But if he has his own place or maybe his own wing in the house (i guess it would have to be a huge house, mansion maybe) then each one could have his/her own space. You can visit when you need companionship and you know they're there just not in your face all the time.

My friend's opinion is that this is too foreign a concept for people to accept but the way I see it some married people hardly see eachother even though they are (supposed to be) sleeping in the same bed!

I think that element of having to do certain things together in marriage is what makes it become too burdensome for the people involved. I mean why do things have to be that way anyway? And shouldn't the two parties be the ones to decide how they want to relate to eachother? I certainly think so. If I can find a guy who is comfortable with my having my own space, decorated my way, where I can spend a couple of nights completely alone, and I love him and he loves me, then I think that will be the guy I'll marry.
Posted by  ffeeona  on 2008-06-12 10:02:08 
  
Amen, sister! And in response to people who thing it's too foreign a concept, that's just a lame excuse for being a sheep. Think for yourself. If the idea of a business merger with your partner appeals to you or you dig the symbolism of marriage, groovy. Don't just do it because everyone else does or "you're supposed to." What kind of life is that? Sleepwalking is just being a zombie.

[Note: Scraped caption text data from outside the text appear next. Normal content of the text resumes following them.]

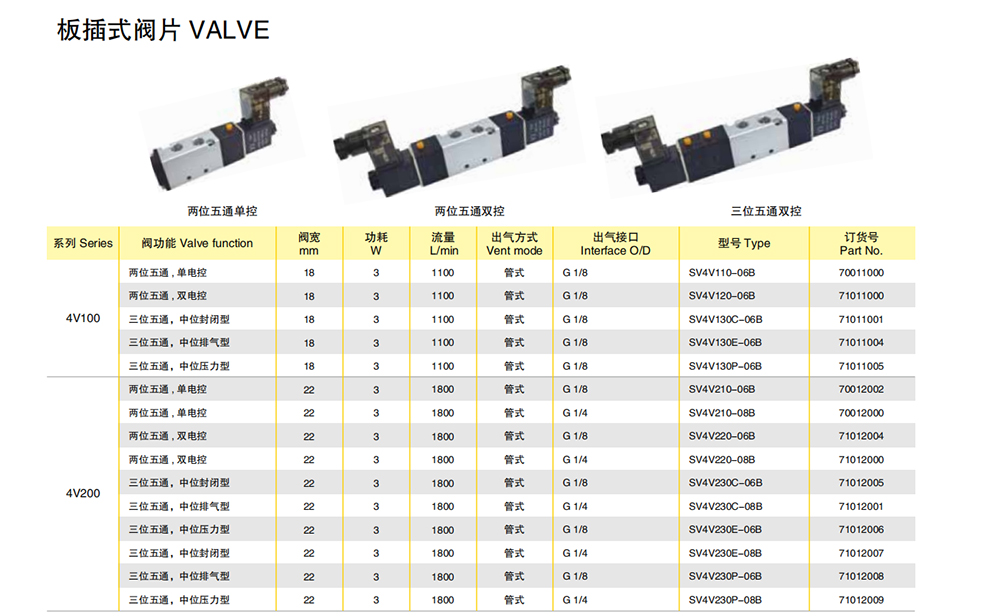 single solenoid Valve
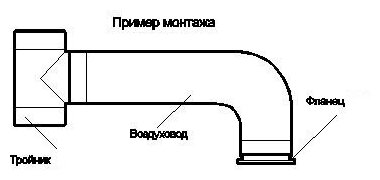 Воздуховод Blauberg Компакт d150мм (3 м) - фотография № 4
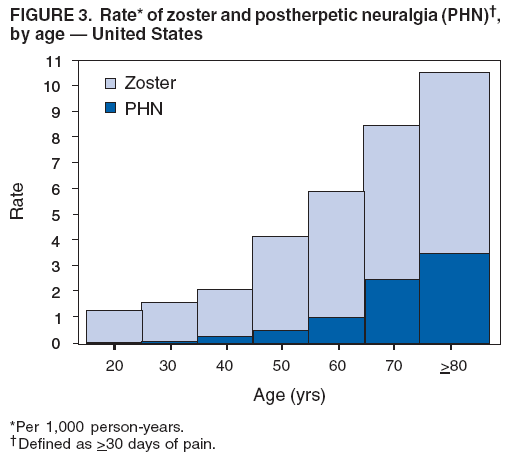 FIGURE 3. Rate* of zoster and postherpetic neuralgia (PHN)†,
by age — United States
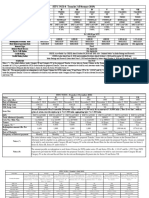 SHRIRAM NCD-Issue-Structures-DETAILS PDF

I've seen amazing marriages, but those people would be equally magickal together with or without the ring and piece of paper. Bottom line, do what makes you happy, but it's not necessarily a bad thing to create your own path...consciously. After all, we're doing it unconsciously all day long.
Posted by  marathongal  on 2008-06-12 14:05:35 
  
I'm with you too. I don't need a ring on my finger and piece of paper to prove my love. I know many people who have a loving relationships without it being legal. And I know lots who wish it wasn't legal. There the ones who call me to listen to how exciting my life is!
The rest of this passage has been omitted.